Austrian and American actor, film producer, businessman, retired professional bodybuilder and politician Arnold Schwarzenegger has appeared in over 51 films, and has also ventured into directing and producing. He began his acting career primarily with small roles in film and television starting in 1969. For his first film role, he was credited as "Arnold Strong", but was credited with his birth name thereafter. He has appeared mainly in action and comedy films. In addition to films and television, he has appeared in music videos for AC/DC, Bon Jovi, and Guns N' Roses.

In the 1980s, Schwarzenegger became his primary character in two film franchises: as Conan in the Conan series and as The Terminator in the Terminator series.

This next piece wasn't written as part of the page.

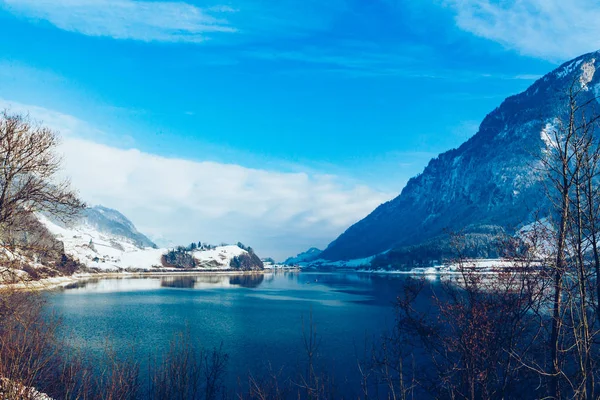 Όμορφο χειμώνα στη λίμνη και τα χιονισμένα βουνά. Χειμωνιάτικο τοπίο — Φωτογραφία Αρχείου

His other film roles include Commando, The Running Man, Predator, Total Recall, Last Action Hero and True Lies. Although Schwarzenegger's acting career was put on hiatus due to his position as governor of California, he also made several cameos in various films while in office, including The Kid & I and The Expendables. On February 11, 2011, just over a month after leaving office, Schwarzenegger announced he would return to acting.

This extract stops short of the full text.